Aim of the task: Print all of the data exactly, but drop the pictures.

Stored data:
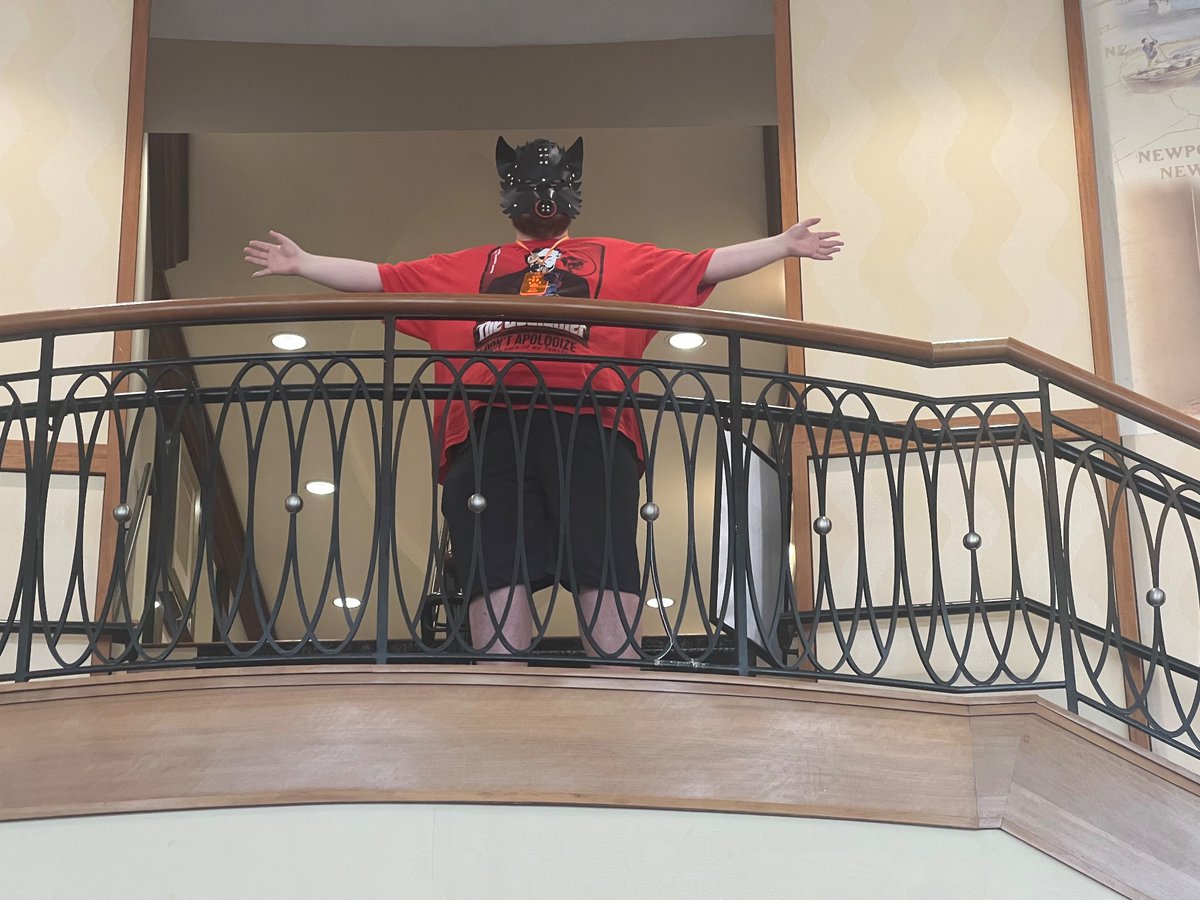 Jonjon1663's tweet image. jesse has left the building #fursonacon24
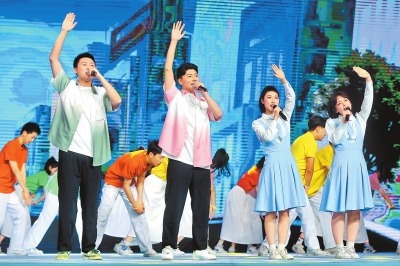 载歌载舞 尽展青春风采
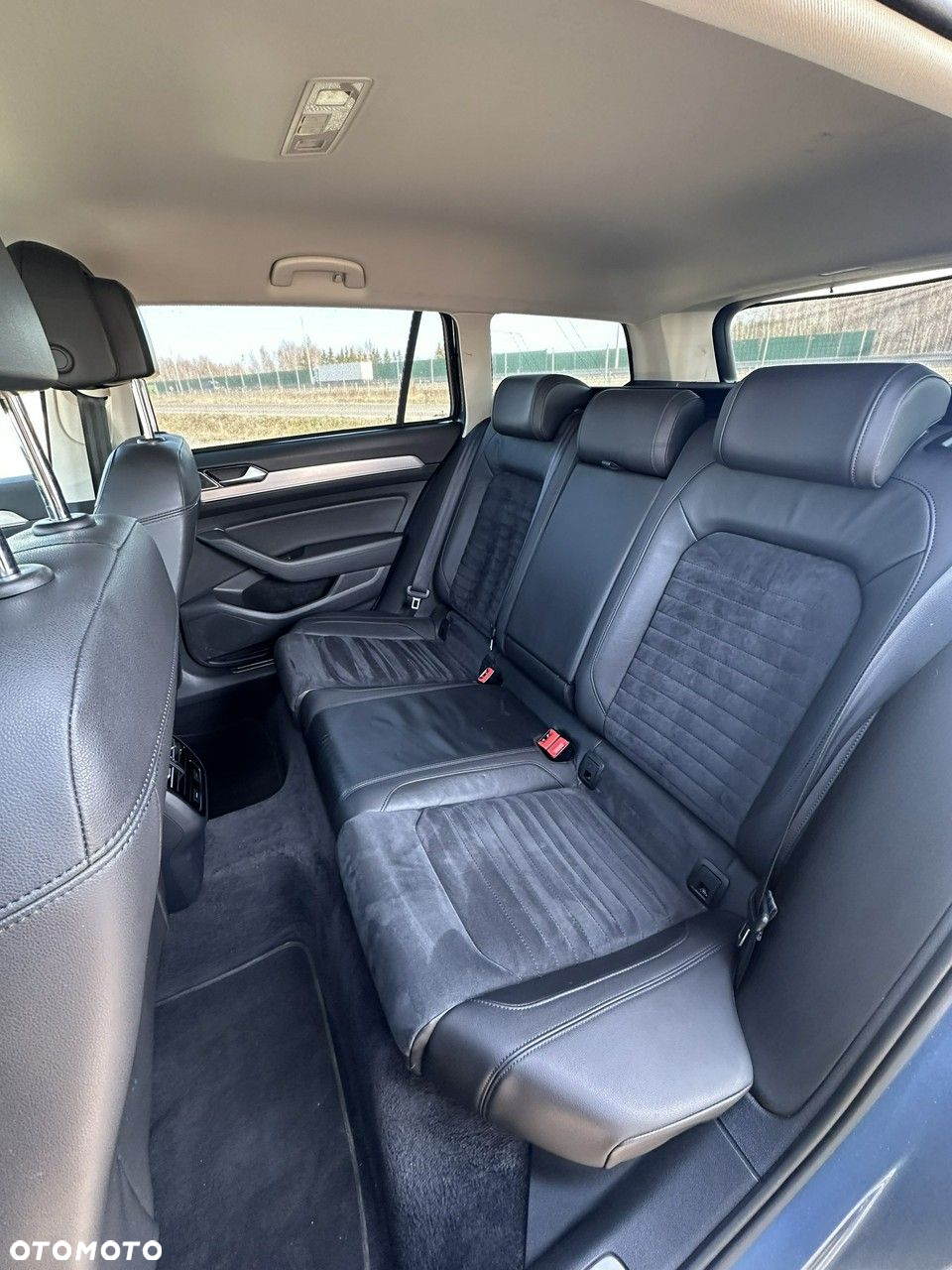 Volkswagen Passat - 19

Solution:
 Jonjon1663's tweet image. jesse has left the building #fursonacon24
 载歌载舞 尽展青春风采
 Volkswagen Passat - 19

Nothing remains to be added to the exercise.